● **What this task involves**
Transcribe the data that follows, exactly and in full.

● **Data excerpt**

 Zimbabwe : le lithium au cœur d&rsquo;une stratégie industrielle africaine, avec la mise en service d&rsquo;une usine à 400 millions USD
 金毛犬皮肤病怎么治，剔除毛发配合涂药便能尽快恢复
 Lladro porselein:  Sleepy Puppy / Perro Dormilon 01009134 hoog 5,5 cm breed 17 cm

● **Expected answer**
 Zimbabwe : le lithium au cœur d&rsquo;une stratégie industrielle africaine, avec la mise en service d&rsquo;une usine à 400 millions USD
 金毛犬皮肤病怎么治，剔除毛发配合涂药便能尽快恢复
 Lladro porselein:  Sleepy Puppy / Perro Dormilon 01009134 hoog 5,5 cm breed 17 cm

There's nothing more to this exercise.